I’m walking through Waterloo Station and around me are posters and screens showing me the new summer fashion line and the blockbuster movies. With summer here, we are more than ever exposed to what the consumer market says we should look like, eat like, act like, be like. While the pressure on women is intense, the less focused and damaging stress is on men.
With chiselled abs on store fronts and male heroes blowing things up and punching it out rather than talking it out on the silver screen and sport season reaching its peak, men are more than ever told that overcompensation is a key trait of their gender and this is dangerous, especially for our generation of young men.
Defined as the ‘exaggeration of male stereotypical behavior, such as physical strength, aggression, and sexuality’, Hypermasculinity is a psychological term that may very well be the linked to many social issues such as violence, homo or transphobia, suicide and misogyny. Originally theorised by Leonard Glass in Psychiatry (1984), hypermasculinity is divided into two categories, ‘man’s man’ and the ‘ladies’ man’, the unemotional tank and the charming sexual predator, respectively.
The tropes of these extreme forms of masculinity are damaging as they are widely applied through media and evolve into cultural values; men don’t talk about feelings, men must be strong, men must be fit, men must be dependable, men must be mystified by women. There is a gender identity crisis for what constitutes ‘men’ especially for young people, with male suicide rates three times the female and highest since 2001 (The Guardian, February 2015).

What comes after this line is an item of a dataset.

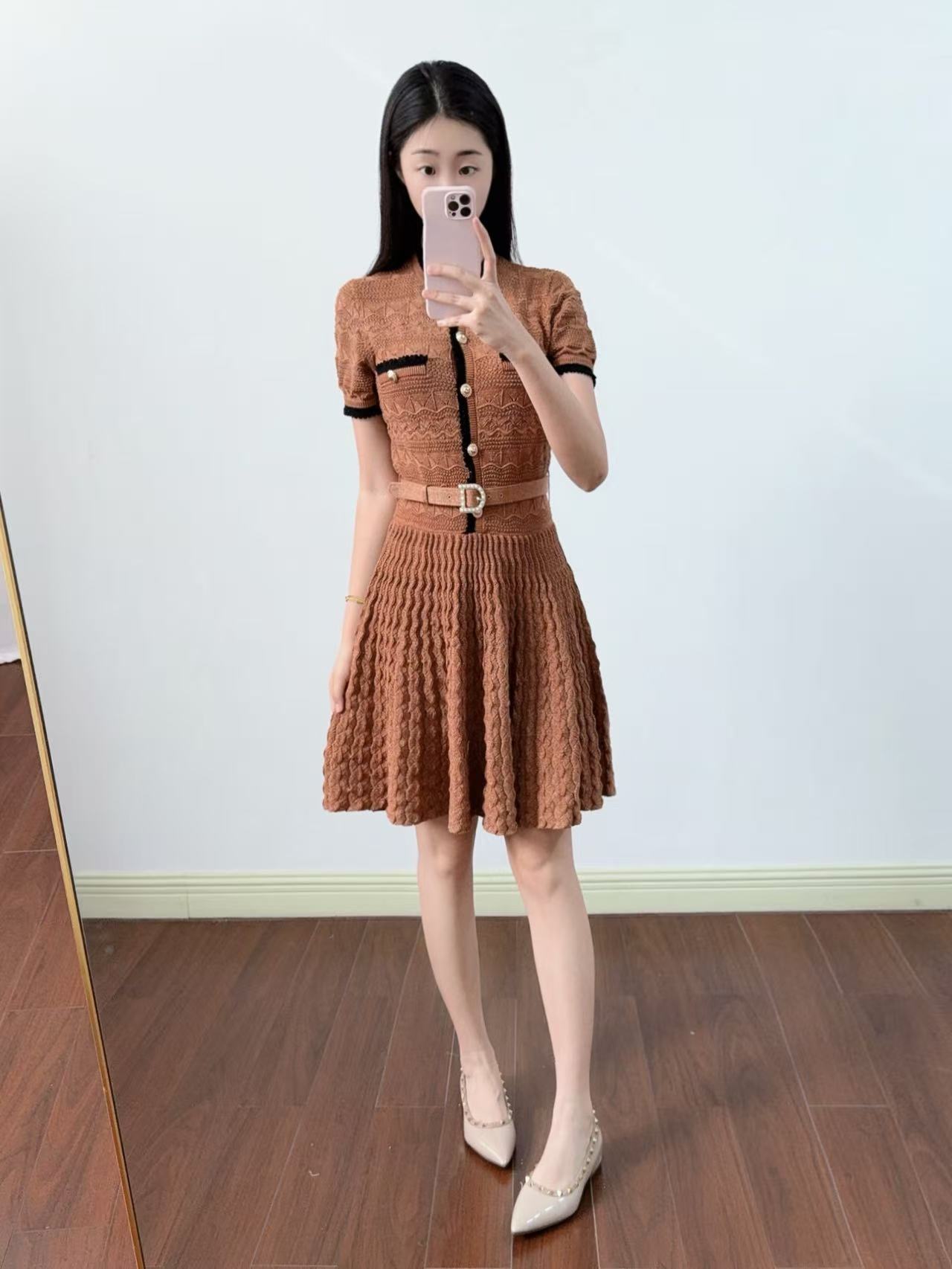 Summer elegant brace with a round collar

Of course, while I was aware of it as a gendered issue, it was the promoters of CALM (Campaign Against Living Miserably) who explained to me that it was a mental health issue that is gone unnoticed. “No one speaks about it,” Hannah, her name tag told me, as I wandered past stalls put up at Waterloo Station for Mental Health Awareness Week, bright pink shirt with #Mandictionary on it. “The campaign is to allow men to define themselves in their own terms, to encourage them to speak.”
While our generation has access to wider forms of communication and connection to each other, we need to encourage it on a personal level. Hypermasculinity is in a transient phase within global social trends in our generation’s realignment of gender identity and relations, and we should contribute to its movement towards the exit.